North Avenue house. Chicago house that Curtis buys and has remodeled after his marriage to Laura. It provides another powerful symbol of the novel’s central theme. The extravagance of the house—including its art gallery and built-in organ—is fully described. Juxtaposed to the house’s opulence is the fact that Curtis is largely oblivious to it, knowing little about the expensive works of art it contains. At one moment, he does not even know the number of rooms the house contains. As Curtis becomes more and more consumed with his wheat deal, the artistic dimension of his house offers a retreat for Laura and a place for her developing relationship with the artist Sheldon Corthell.

*American West

*American West. The decision of the Jadwins, at the end of the novel, to “start over again” in the West following Curtis’s financial ruin, draws heavily upon the traditional role of the West in American literature as a place of moral regeneration. The novel ends with the Jadwins leaving Chicago. Curtis “studying a railroad folder,” is thinking, one assumes, of the future.

Bibliography

Graham, Don, comp. Critical Essays on Frank Norris. Boston: G. K. Hall, 1980. Includes the anonymous contemporary review “The Pit: A Dispassionate Examination of Frank Norris’ Posthumous Novel,” Warren French’s “It’s When You Are Quiet That You Are at Your Best,” and Joseph Katz’s “Eroticism in The Pit.”

Graham, Don. The Fiction of Frank Norris: The Aesthetic Context. Columbia: University of Missouri Press, 1978. The chapter on The Pit discusses differences between this novel and Norris’ other fiction. It is, for example, set in Chicago rather than California, it contains many musical and literary allusions, and, most significant, it reflects Norris’s preoccupation with drama. Like a drama, the novel has few main characters and is staged in confined settings. In addition, The Pit includes a professional opera, an amateur play, and other plays.

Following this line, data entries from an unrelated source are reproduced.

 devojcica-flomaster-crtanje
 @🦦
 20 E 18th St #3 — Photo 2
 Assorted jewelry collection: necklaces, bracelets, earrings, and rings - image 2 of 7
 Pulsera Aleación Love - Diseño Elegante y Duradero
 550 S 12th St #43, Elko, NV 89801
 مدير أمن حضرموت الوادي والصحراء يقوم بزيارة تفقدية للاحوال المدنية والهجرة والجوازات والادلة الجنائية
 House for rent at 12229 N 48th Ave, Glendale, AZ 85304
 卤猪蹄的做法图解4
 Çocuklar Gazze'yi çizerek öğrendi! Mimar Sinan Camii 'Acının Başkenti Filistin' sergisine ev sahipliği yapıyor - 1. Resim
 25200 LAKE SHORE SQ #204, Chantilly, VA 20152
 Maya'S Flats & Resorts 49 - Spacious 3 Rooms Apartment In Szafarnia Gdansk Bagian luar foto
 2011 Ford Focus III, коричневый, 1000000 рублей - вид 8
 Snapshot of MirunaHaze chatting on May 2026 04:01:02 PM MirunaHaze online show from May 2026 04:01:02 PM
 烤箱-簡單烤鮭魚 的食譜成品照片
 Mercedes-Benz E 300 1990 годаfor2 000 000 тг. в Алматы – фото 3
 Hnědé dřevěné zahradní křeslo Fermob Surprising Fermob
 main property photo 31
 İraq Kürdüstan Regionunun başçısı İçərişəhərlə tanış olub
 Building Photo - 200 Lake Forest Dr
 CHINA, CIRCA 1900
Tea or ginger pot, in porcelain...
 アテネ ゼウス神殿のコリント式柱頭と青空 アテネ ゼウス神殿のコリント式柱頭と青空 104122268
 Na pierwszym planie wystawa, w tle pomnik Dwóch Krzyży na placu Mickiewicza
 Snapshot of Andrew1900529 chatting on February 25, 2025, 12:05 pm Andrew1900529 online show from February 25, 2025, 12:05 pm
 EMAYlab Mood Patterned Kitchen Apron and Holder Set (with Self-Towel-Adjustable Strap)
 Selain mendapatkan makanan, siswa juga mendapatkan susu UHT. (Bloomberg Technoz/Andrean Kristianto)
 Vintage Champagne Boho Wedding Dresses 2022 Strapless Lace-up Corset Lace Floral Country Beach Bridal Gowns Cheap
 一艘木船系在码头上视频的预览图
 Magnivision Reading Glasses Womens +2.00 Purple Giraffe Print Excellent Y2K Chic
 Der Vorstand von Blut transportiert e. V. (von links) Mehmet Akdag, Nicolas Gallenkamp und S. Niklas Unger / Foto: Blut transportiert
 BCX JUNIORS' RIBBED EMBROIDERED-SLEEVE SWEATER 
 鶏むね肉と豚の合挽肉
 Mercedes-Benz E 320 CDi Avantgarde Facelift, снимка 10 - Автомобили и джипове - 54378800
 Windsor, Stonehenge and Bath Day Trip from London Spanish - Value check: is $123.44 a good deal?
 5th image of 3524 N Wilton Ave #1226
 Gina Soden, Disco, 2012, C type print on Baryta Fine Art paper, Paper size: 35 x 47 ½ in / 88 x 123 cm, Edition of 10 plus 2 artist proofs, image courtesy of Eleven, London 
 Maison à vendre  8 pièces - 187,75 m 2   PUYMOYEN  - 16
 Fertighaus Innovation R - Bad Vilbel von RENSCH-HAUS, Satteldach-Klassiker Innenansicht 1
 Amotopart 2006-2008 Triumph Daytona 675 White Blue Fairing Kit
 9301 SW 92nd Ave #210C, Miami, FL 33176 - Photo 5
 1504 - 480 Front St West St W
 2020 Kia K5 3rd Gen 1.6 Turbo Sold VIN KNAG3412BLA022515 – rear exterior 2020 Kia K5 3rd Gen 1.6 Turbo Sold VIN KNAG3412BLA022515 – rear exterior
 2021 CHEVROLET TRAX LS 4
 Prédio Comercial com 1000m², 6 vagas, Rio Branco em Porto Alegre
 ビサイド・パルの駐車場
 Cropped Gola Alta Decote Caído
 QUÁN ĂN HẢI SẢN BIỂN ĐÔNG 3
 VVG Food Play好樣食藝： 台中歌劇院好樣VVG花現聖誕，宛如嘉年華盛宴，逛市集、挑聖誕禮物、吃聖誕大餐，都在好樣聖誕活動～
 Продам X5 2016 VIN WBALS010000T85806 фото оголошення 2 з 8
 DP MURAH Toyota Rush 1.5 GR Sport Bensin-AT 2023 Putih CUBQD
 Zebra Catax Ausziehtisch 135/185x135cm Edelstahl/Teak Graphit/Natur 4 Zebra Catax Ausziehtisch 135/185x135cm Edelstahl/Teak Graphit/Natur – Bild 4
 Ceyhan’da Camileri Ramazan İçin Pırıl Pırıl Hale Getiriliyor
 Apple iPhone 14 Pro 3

Hochman, Barbara. The Art of Frank Norris, Storyteller. Columbia: University of Missouri Press, 1988. This study of recurrent motifs shows Norris as a more complex writer than do traditional assessments of his work. The chapter “Coming of Age in The Pit” uses the symbolic wheat pit to discuss the novel.

McElrath, Joseph R., Jr. Frank Norris Revisited. New York: Twayne, 1992. This critical biography offers a thorough discussion of The Pit, which McElrath calls “a novel of complications” because of its “sustained alternating portraits of [Laura and Jadwin’s] worsening psychological condition.”

Pizer, Donald. The Novels of Frank Norris. Bloomington: Indiana University Press, 1966. Discusses Norris’ rationale and creation process in writing The Octopus and The Pit, as well as the influence of French naturalists Joseph LeConte and Émile Zola.